-- Material for the task follows --

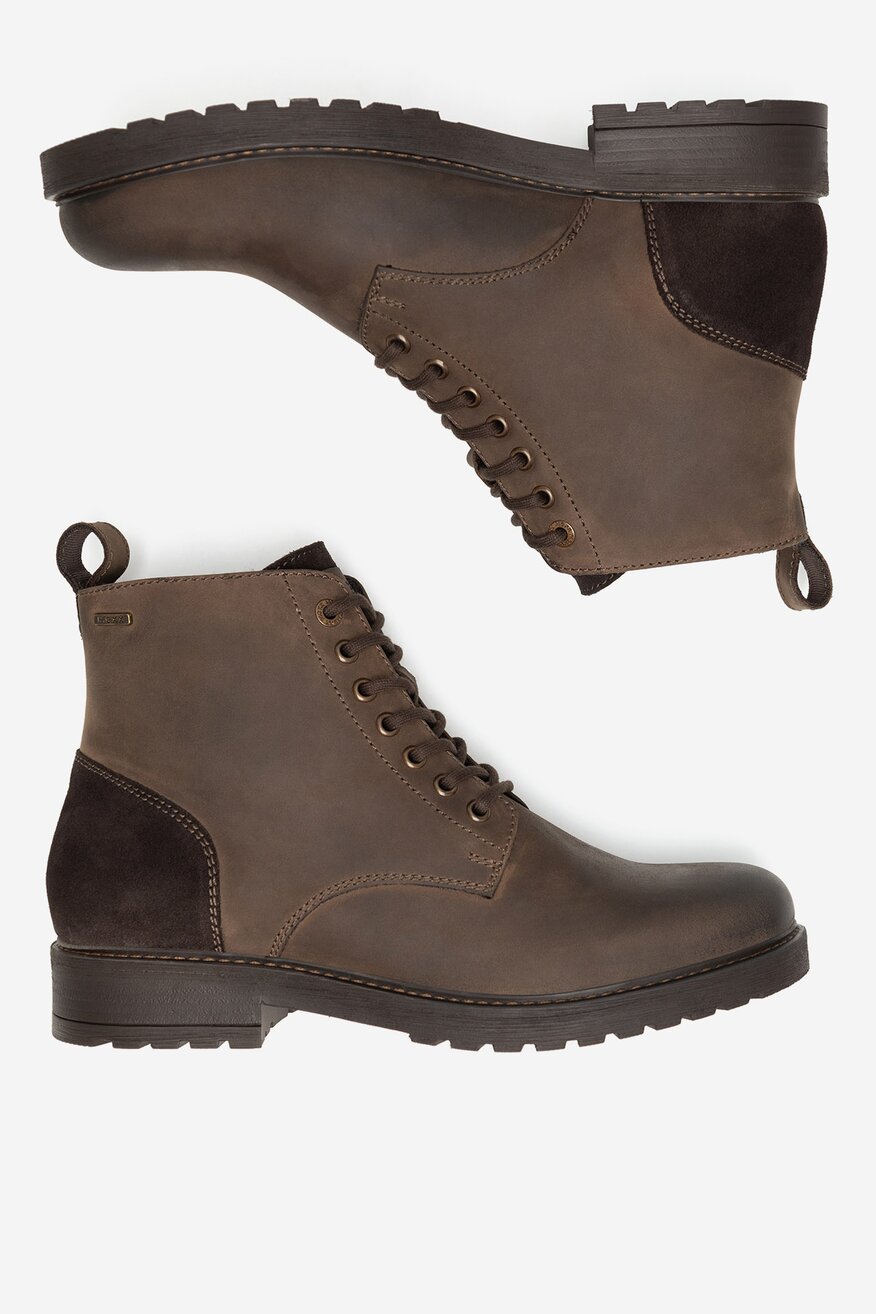 Trzewiki skórzane ocieplane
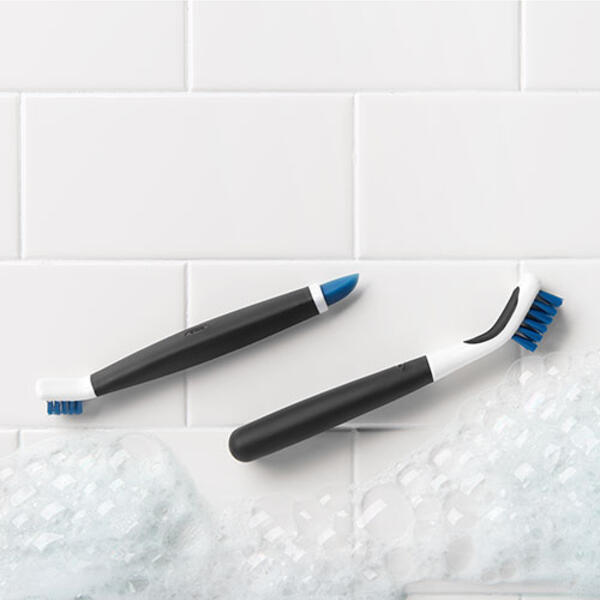 OXO Good Grips&#40;R&#41; Deep Cleaning Brush Set - Blue - image 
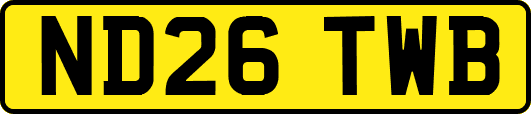 ND26TWB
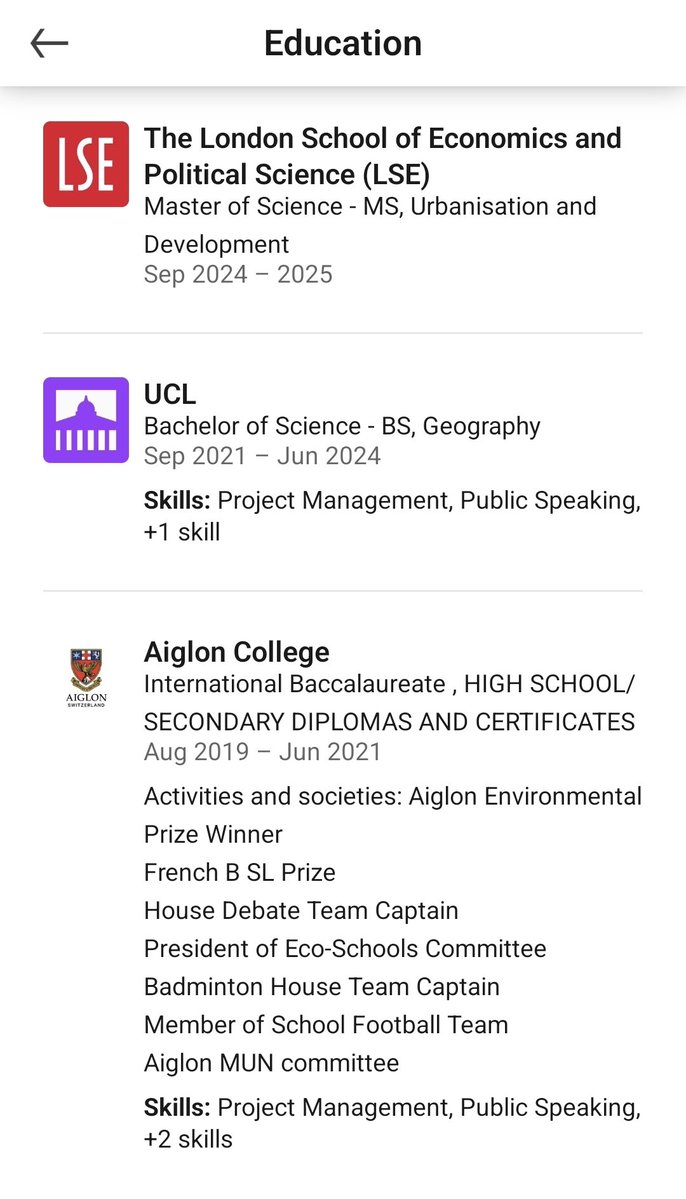 KopRandom69's tweet photo. ₹1.5 Cr for MBBS is “an investment”? You’re a DY Patil Trustee, yet chose UCL &amp; LSE for your own education. Why not your own university? Middle-class Indian families pay these fees, while you leave India to study abroad. The irony is hard to miss.
@rvpatildyp https://t.co/Mu0CdgXZVH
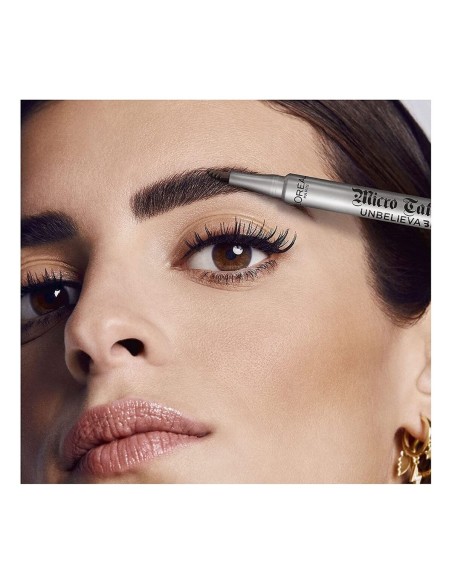 Eyebrow Liner Unbelievabrow L'Oréal Paris Micro Tatouage Shade 108-dark brunette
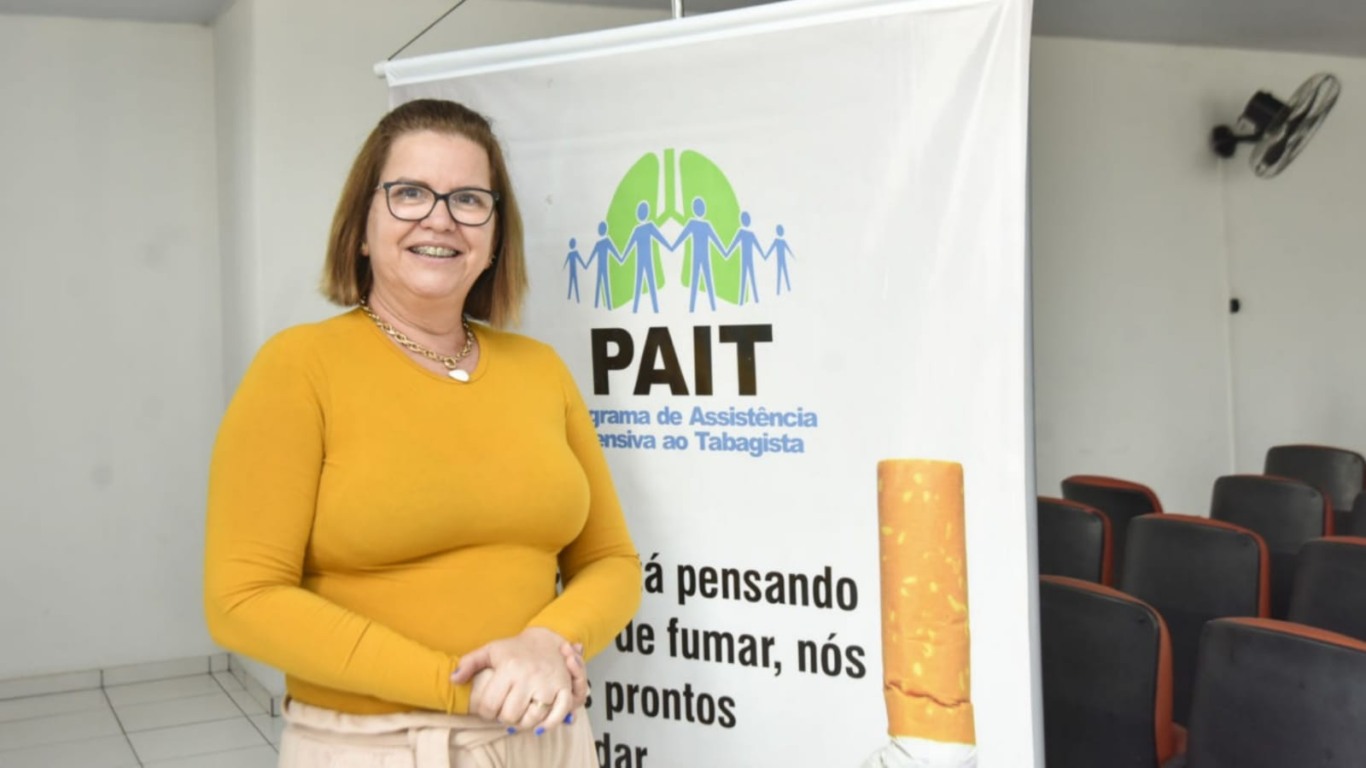 Mulher em PAIT de Jundiaí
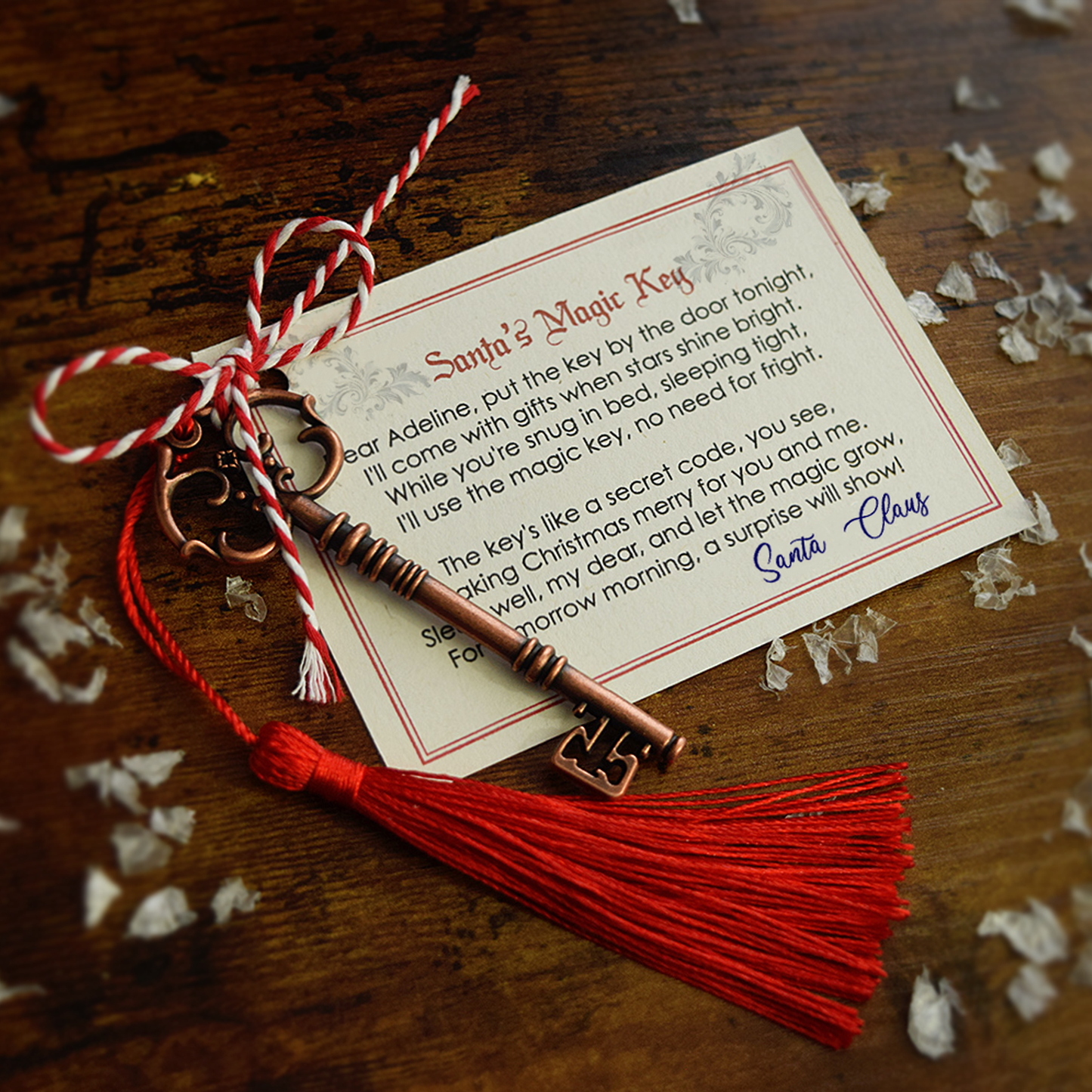 Santa's Magic Key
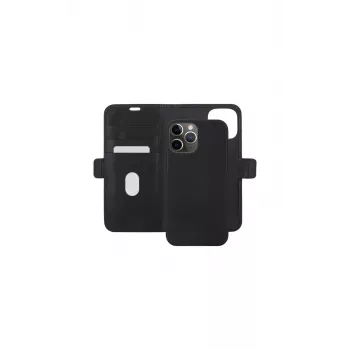 Pokrowiec etui dbramante1928 Lynge iPhone 13 Pro Max Czarny 3 kieszenie na karty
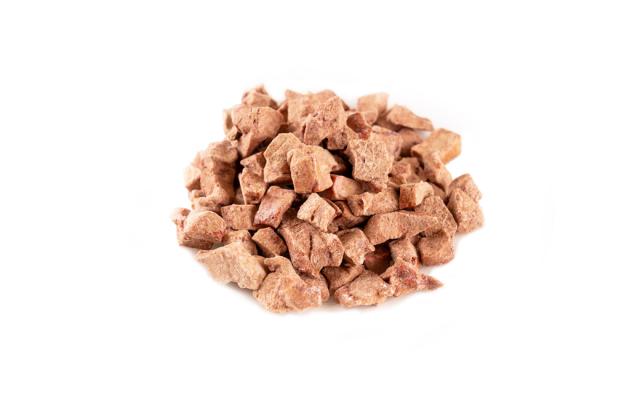 【送料無料】【みちのくファーム】フリーズドライ　石見ポークレバー 小粒　1kg(500g×2)　※商品説明をよくお読みの上、ご注文下さい。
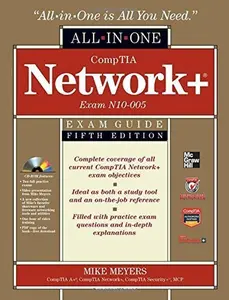 USED-Comptia Network+ Exam Guide: Exam N10-005 by Mike Meyers (Hardcover)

-- Material for the task concluded --

Work task = Verbatim output, no pictures: the line holding "Mulher em PAIT de Jundiaí" and all lines after it through the last line of the material, with nothing else.

Exercise output =
 Mulher em PAIT de Jundiaí
 Santa's Magic Key
 Pokrowiec etui dbramante1928 Lynge iPhone 13 Pro Max Czarny 3 kieszenie na karty
 【送料無料】【みちのくファーム】フリーズドライ　石見ポークレバー 小粒　1kg(500g×2)　※商品説明をよくお読みの上、ご注文下さい。
 USED-Comptia Network+ Exam Guide: Exam N10-005 by Mike Meyers (Hardcover)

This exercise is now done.